(Note: You can also download a slightly modified PDF version of 3 Tips for Selling More E-learning.)
In my previous post in this series I talked about the importance of validation as a driver for e-learning sales. Validation usually takes the form of offering credit, and if a large segment of your potential market needs the credit you offer for one reason or another – to maintain a particular license or certification, for instance – you may have all you need to drive a high volume of sales to individual learners. For most organizations, however, …
Big Sales Can Make a Big Difference
Many organizations, I find, tend to think in terms of sales to individuals. This is particularly true of organizations that sell memberships on an individual basis or that follow a business-to-consumer (B2C) rather than a business-to-business (B2B) model. Even these organizations, however, can often find other organizations within their markets that represent relatively large groups of potential course participants.
Consider, for instance, if your market is nurses. Even if your members or customers are individuals, are there potentially sales to be made to hospitals or HMOs? Or if your audience is accountants, or human resources professionals – large companies are full of them. You get the idea. It may take some time to determine your best targets, but securing a handful of “bulk” sales from large organizations can often take considerably less time and effort than selling the equivalent amount on a one-by-one basis to individuals.

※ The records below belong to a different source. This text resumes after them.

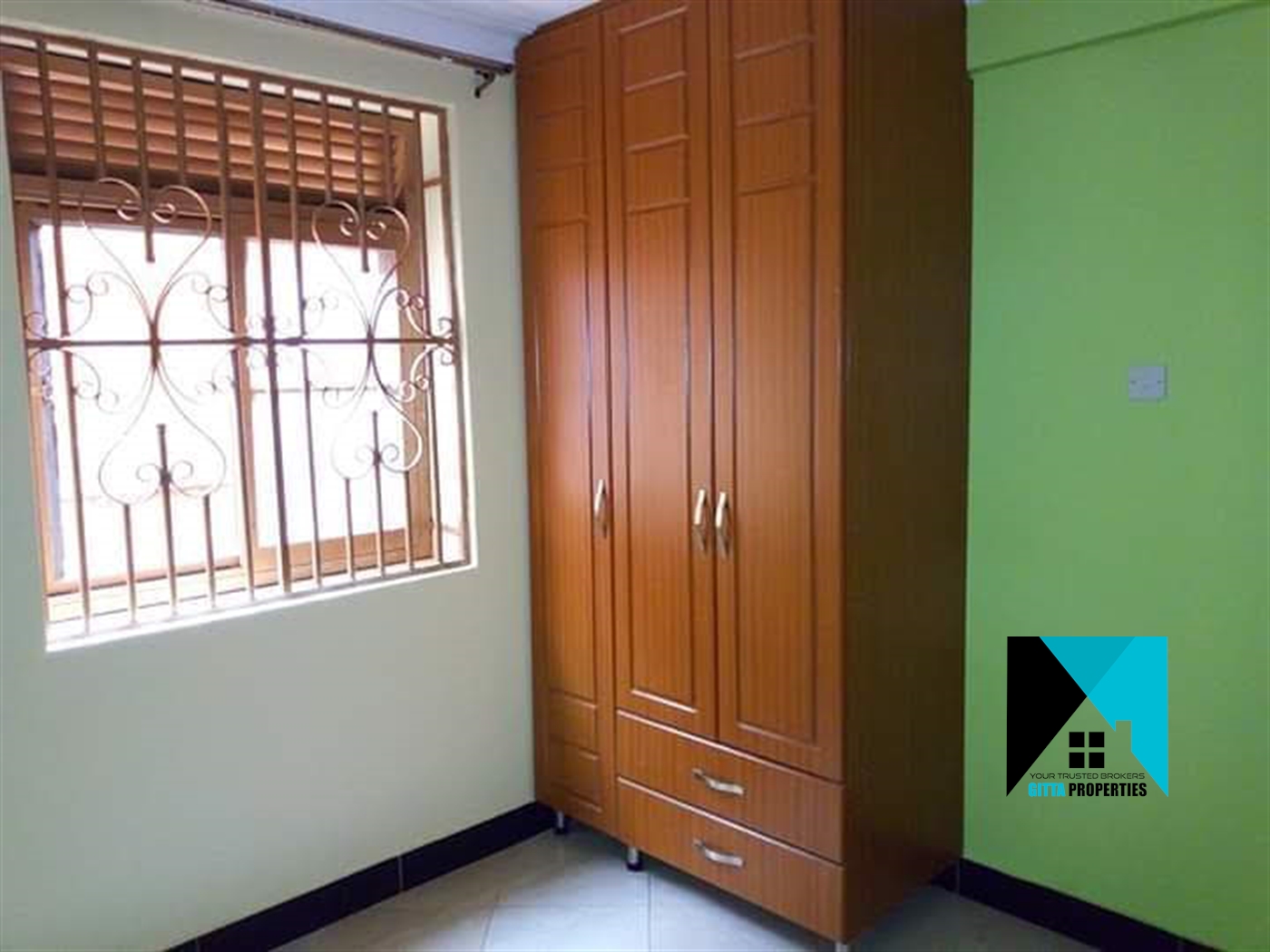 Apartment for rent in Buwaate Wakiso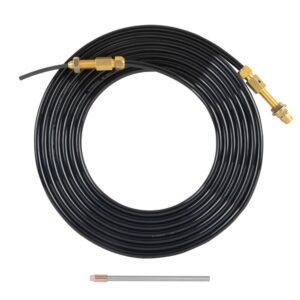 Prowadnik drutu teflonowy (0.8 - 1.6mm), 5m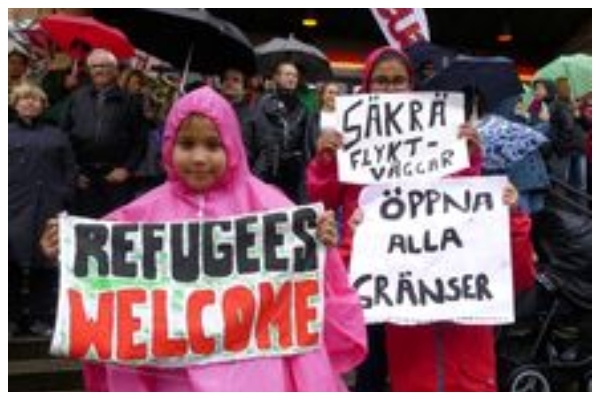 Sweden’s Election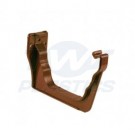Ogee Brown Fascia Bracket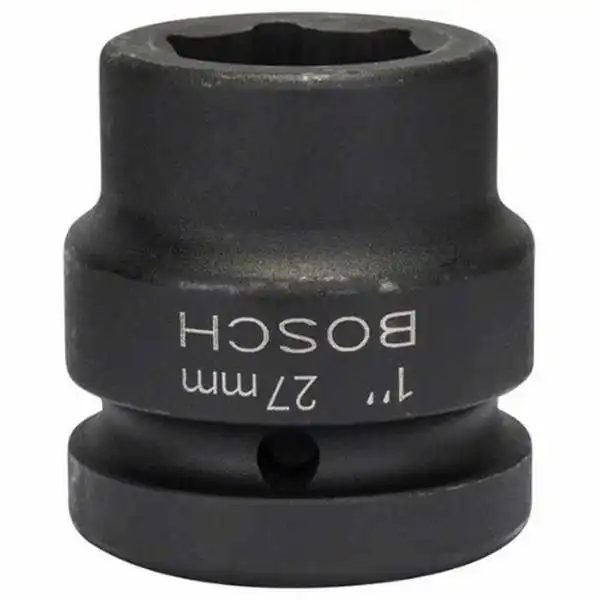 Khẩu 1 inch, đầu 27, L= 57 mm Bosch 1608557046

Securing sales from larger organizational purchasers requires actively and effectively marketing to these groups. It also requires a certain amount of direct, personal selling, an activity that is generally absent from e-learning sales to individuals. I suspect this requirement is why many organizations do not pursue larger, B2B-type sales very aggressively, if at all: They do not have someone on staff who plays a direct sales role, and the director of education or whoever is in charge of e-learning products does not think of himself or herself as a salesperson.
In my experience, most people are capable of selling something that they know and care about. It’s a matter of establishing a relationship and explaining the value of what you offer. If you are an established organization in your field, chances are you already have good relationships to tap. If you aren’t, more work will be required, but it is the sort of work you will need to be doing anyway to establish your presence and brand in the market.
None of this is to say that you should abandon trying to increase your volume of sales to individuals – in fact, I’ll come back to that in my next posting in this series – but focusing on securing a smaller number of larger sales can really help to jumpstart an e-learning program.